I had two exhibitions from the India photos that opened some doors. As I mentioned, I had discovered documentary photography, which moved me greatly, but still left something missing. Documentary photographers were taking on social problems in a much more direct way than sociologists in that era. The turmoil of those times was deep; not just the war in Vietnam, but struggles for racial justice; the women’s movement; corporate malfeasance, an emerging class analysis of America. Documentarians were on the front lines of all of these struggles and I wanted to be involved that way. But I didn't feel I could work in isolation from an academic orientation; there had to be some theoretical orientation. So in fact I realized couldn’t be a journalist or a documentary photographer; my work had to be rooted in sociology. I was one of a handful of like-minded sociologists who felt this way and in the late 1970s we began what we now call ‘visual sociology.’
C.L. You have also developed a particular writing tone that blends a scientific, poetic and journalistic voices. How did you come to develop this particular voice ?
D.H. I went to graduate school at Brandeis University in Boston, where the sociology department was both anti-establishment and anti-establishment-sociology! Herbert Marcuse had taught there and Angela Davis was said to have been a visiting professor (it is also possible that this was just part of the folklore of the place!). So the general tenor was to find a way to do sociology that confronted the ‘myth of scientific objectivity’ that lay behind the quantitative methods that was then hegemonic and the functionalist theory that gave American sociology of that time its conservative cast. So it was a crazy place where we read Freud, Marx, Adorno, Marcuse, Gouldner, in addition to the standards … and extremes of sociological approaches including ethnomethodology, immersive fieldwork and so forth. They convinced us that if you could make an argument for your approach you could do it. In fact our oral exams for our Ph.D. were based on an intellectual autobiography in which we had to defend whatever methods and theories we used in our dissertations. They also tended to accept students who were not part of the mainstream. So as a result there was a lot of creative work being done by my fellow students; we were not in a lockstep proceeding through the then typical march of quantitative sociology and watered down functionalism.

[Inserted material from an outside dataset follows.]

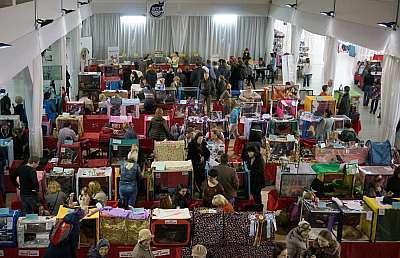 �������� ����� '���-�����-������' 22-23 ������ 2014 n20141123_133106.jpg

I had the wonderful experience of being the last Ph.D. student of Everett Hughes, who was then in his late 70’s. He was a first generation Chicago School sociologist (Ph.D. in 1927 at Chicago) and had written many influential essays and a few books; and I found him to be very open to what I had in mind. I recently wrote an essay about being his student and it was special to read my notes from his class (which I still have) and my journals from those years. He wrote narrative reflections where he wove his sociological ideas into observations and examples. For me these essays were, and continue to be inspirational. So, if the professor could do it, why not us?
As I got into my fieldwork, Hughes encouraged me to write my dissertation as a narrative. It had a natural narrative shape: the tramp of that era lived in a series of events, working, drinking, travelling, and I just moved into that narrative (except for the drunks, which were often weeks long) and tried to capture that. And so my dissertation was quite long (it sorely needed editing!), and first half is written in the first person, a narrative of being on the road with the tramps I met and travelled with. My observations were constructed to emphasize sociological ideas I elaborated upon in later chapters. So the answer to your question would be that I was a product of my times; a rebel against the then-traditional (quantitative, functionalist) sociology, and I had the support to find my own vision and to try to realize it.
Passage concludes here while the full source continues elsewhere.